§ Work required: Transcribe the data in full; each line must match exactly.

(Dataset excerpts)

—————

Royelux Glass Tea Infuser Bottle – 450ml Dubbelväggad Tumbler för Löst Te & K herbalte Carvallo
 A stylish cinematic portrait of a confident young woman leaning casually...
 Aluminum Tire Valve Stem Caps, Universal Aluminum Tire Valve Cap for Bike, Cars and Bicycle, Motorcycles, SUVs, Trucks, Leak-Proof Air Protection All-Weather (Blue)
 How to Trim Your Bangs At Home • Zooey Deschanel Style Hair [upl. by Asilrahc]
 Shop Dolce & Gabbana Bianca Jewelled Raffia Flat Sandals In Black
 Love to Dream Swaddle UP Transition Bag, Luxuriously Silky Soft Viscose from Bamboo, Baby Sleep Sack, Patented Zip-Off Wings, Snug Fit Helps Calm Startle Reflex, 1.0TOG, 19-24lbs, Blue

—————

§ Reply:
Royelux Glass Tea Infuser Bottle – 450ml Dubbelväggad Tumbler för Löst Te & K herbalte Carvallo
 A stylish cinematic portrait of a confident young woman leaning casually...
 Aluminum Tire Valve Stem Caps, Universal Aluminum Tire Valve Cap for Bike, Cars and Bicycle, Motorcycles, SUVs, Trucks, Leak-Proof Air Protection All-Weather (Blue)
 How to Trim Your Bangs At Home • Zooey Deschanel Style Hair [upl. by Asilrahc]
 Shop Dolce & Gabbana Bianca Jewelled Raffia Flat Sandals In Black
 Love to Dream Swaddle UP Transition Bag, Luxuriously Silky Soft Viscose from Bamboo, Baby Sleep Sack, Patented Zip-Off Wings, Snug Fit Helps Calm Startle Reflex, 1.0TOG, 19-24lbs, Blue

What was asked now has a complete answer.